Hey there!
Lots missing here, but I had the same issues, it takes iteration and practice. I use claude code in terminal windows, and text expander to save explicit reminders that I have to inject super regularly because anthropic obscures access to system prompts.
For example, I have 3 to 8 paragraph long instructions I will place regularly about not assuming, checking deterministically etc. and for most things I have the agents write a report with a specific instruction set.
I pop the instructions into text expander so I just type - docs when saying go figure this out, and give me the path to the report when done.
They come back with a path, and I copy it and search vscode
It opens as an md and i use preview mode, its similar to a google doc.
And ill review it. always, things will be wrong, tons of assumptions, failures to check determistically, etc... but I see that in the doc and have it fix it. correct misunderstandings, update the doc until its perfect.
From there ill say add a plan in a table with status for each task based on this ( another text expander snippet with instructions )
And WHEN thats 100% right, Ill say implement and update as you go. The update as you go forces it to recognize and remember the scope of the task.
Greatest points of failure in the system is misalignment. Ethics teams got that right. It compounds FAST if allowed. you let them assume things, they state assumptions as facts, that becomes what other agents read and you get true chaos unchecked.

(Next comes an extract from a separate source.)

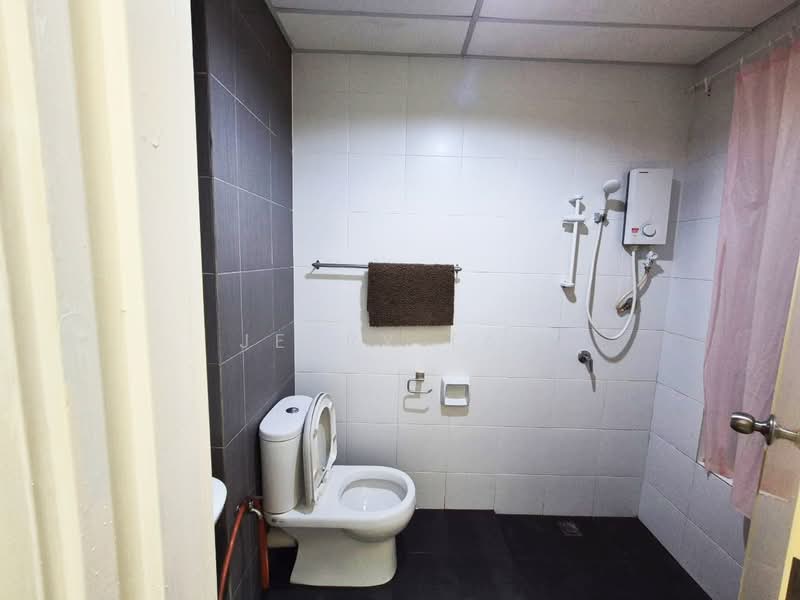 Kondominium untuk Disewa di SummerSkye Residences - Jerry Tan - Bathroom - PropertyGuru.com.my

I started rebuilding claude code from scratch literally because they block us from accessing system prompts and I NEED these agents to stop lying to me about things that are not done or assumed, which highlights the true chaos possible when applied to system critical operations in governance or at scale.
I also built my own tool like codex for managing agent tasks and making this simpler, but getting them to use it without getting confused is still a gap.
Let me know if you have any other questions. I am performing the work of 20 Engineers as of today, rewrote 2 years of back end code that required a team of 2 engineers full time work in 4 weeks by myself with this system... so I am, I guess quite good at it.
I need to push my edges further into this latest tech, have not tried codex cli or the new tool yet.